Catherine „Kya“ Danielle Clark (Jojo Regina) wächst in den 1950er Jahren in den Great Dismal Swamps, im Marschland an der Küste von North Carolina auf und leidet wie ihre Mutter (Ahna O’Reilly) und ihre älteren Geschwister unter der Gewalttätigkeit ihres Vaters (Garret Dillahunt). Während ihre Mutter und auch ihre Geschwister bald das Weite suchen, bleibt Kya bei ihrem Vater, bis auch er eines Tages verschwindet. Kya schlägt sich mit dem durch, was ihr die Marsch zu bieten hat, wobei nahezu ihre einzigen Kontakte zur Außenwelt für einige Jahre der afroamerikanische Gemischtwarenhändler Jumpin‘ (Sterling Macer Jr.) und dessen Frau Mabel (Michael Hyatt) darstellen, bei denen sie sich mit dem Verkauf von Muscheln über Wasser hält.

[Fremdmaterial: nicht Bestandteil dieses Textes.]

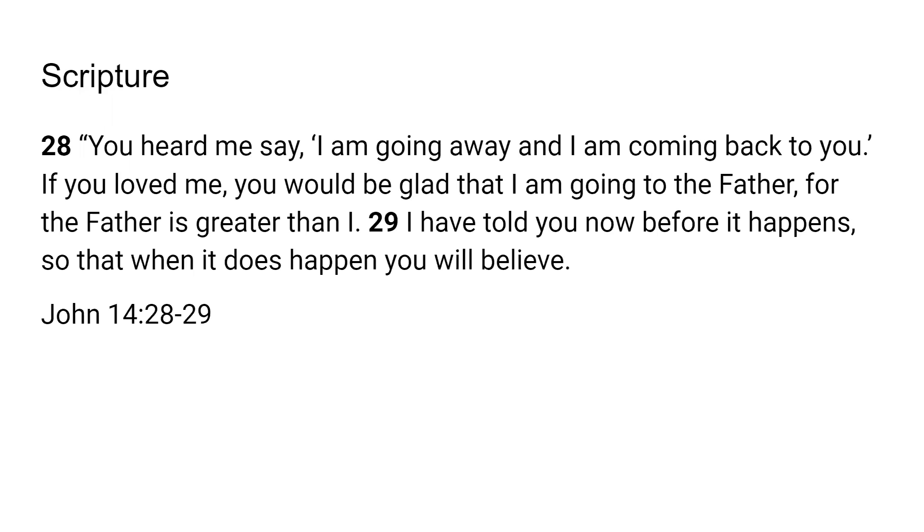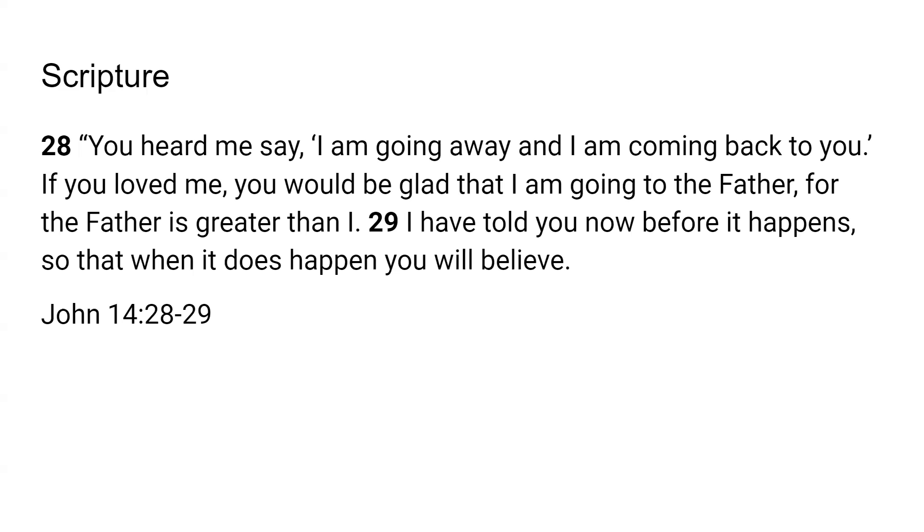The scripture I found was from the NIV translation that aligned with that. It was John 14:28-29. It says, 'You heard me say, I am going away and I am coming back to you. If you loved me, you would be glad that I'm going to the Father, for the Father is greater than I. I have told you now before it happens so that when it does happen, you will believe.'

In der Schule der Kleinstadt Barkley wird Kya, die in dem „Marschmädchen“ ein verwilderte Außenseiterin sehen, gleich am ersten Tag gehänselt, so dass sie sie nicht weiter besucht.

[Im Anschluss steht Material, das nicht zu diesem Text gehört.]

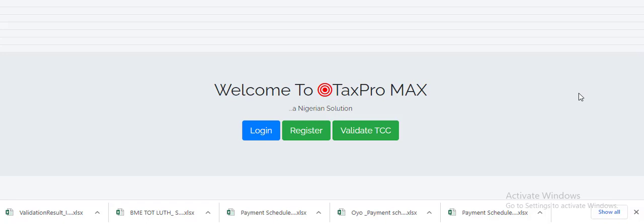will use to log in to the TaxPro MAX platform. When you get the login details, the next step is for you to go to your browser and type www.taxpromax.firs.gov.ng.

Anfang der 1960er Jahre freundet sie sich mit dem Krabbenfischersohn Tate Walker (Taylor John Smith) an, der ihr Lesen und Schreiben beibringt. Als er für das College die Gegend verlässt, gibt er ihr den Rat, sich mit ihrem großen Talent als Zeichnerin bei Verlagen zu bewerben, damit sie für ihr Auskommen nicht weiterhin nur auf Muscheln angewiesen zu sein braucht. Tatsächlich kauft ein Verlag später ihre Bilder und Naturbeschreibungen. Als Tate aufs College geht, vereinbaren sie das nächste Treffen am 4. Juli, doch Tate versetzt sie und hat jahrelang keinen Kontakt zu ihr. Trotz der tiefen Enttäuschung mit Tate lässt sie sich mit dem allseits beliebten Chase Andrews (Harris Dickinson) ein, der – wie Kya später herausfindet – allerdings schon verlobt ist. Als Chase eines Tages tot unter einem Aussichtsturm aufgefunden wird, deuten einige Indizien darauf hin, dass Kya Chase vom Turm gestoßen haben könnte. Der gutmütige Tom Milton (David Strathairn) übernimmt vor Gericht ihre Verteidigung…
Kritik:
Man merkt Olivia Newman und ihrer Drehbuchautorin Lucy Alibar („Beasts of the Southern Wild“, „Troop Zero“) deutlich an, dass sie es bei ihrer Leinwandadaption von Delia Owens‘ Bestseller-Roman vor allem darauf angelegt haben, es den Liebhabern des Buches recht zu machen. Die atmosphärisch stimmige Mischung aus Coming-of-Age-, Romantik- und Justiz-Drama beginnt mit dem Auffinden der Leiche von Chase Andrews und erzählt dann in ausladenden Rückblenden die Geschichte des „Marschmädchens“ Kya von der Kindheit bis zu ihrer Verhaftung und dem Versuch ihres einfühlsamen Anwalts, etwas mehr über seine Mandantin zu erfahren, deren Verteidigung er aus eigenem Antrieb übernommen hat.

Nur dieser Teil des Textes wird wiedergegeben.